● **Try it**
Whenever a line of the material contains the string "Stock", it should be copied.

● **Data listing**
++++++
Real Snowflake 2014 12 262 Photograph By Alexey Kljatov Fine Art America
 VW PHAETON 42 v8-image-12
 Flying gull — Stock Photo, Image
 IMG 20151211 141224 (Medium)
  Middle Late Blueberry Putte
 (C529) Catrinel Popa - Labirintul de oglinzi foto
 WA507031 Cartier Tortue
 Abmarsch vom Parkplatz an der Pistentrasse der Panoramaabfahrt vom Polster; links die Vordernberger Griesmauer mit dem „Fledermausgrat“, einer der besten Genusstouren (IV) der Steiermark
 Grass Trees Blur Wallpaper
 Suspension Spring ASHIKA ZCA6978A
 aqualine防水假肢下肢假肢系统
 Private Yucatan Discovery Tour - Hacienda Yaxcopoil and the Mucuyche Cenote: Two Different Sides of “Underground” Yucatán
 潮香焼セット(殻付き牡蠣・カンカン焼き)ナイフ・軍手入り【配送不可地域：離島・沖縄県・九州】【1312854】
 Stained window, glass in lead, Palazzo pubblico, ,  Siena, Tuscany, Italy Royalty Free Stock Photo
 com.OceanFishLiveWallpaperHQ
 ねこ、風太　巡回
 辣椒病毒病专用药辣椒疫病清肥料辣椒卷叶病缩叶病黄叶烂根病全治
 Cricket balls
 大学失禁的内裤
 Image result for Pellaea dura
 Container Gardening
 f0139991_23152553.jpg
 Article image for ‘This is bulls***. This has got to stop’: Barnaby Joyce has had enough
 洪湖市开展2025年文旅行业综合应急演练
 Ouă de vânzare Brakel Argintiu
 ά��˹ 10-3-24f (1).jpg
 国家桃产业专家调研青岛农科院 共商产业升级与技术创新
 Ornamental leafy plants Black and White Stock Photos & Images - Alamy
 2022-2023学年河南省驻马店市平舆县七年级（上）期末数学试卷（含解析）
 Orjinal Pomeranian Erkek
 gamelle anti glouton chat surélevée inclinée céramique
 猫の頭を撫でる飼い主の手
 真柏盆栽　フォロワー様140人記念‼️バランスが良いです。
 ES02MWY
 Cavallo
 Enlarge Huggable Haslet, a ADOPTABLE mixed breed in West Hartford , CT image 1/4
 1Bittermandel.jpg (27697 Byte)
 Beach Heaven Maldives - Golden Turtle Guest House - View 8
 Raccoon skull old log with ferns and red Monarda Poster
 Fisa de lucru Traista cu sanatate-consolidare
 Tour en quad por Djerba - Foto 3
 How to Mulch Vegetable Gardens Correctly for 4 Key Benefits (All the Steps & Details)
++++++
● **Task answer**
 Flying gull — Stock Photo, Image
 Stained window, glass in lead, Palazzo pubblico, ,  Siena, Tuscany, Italy Royalty Free Stock Photo
 Ornamental leafy plants Black and White Stock Photos & Images - Alamy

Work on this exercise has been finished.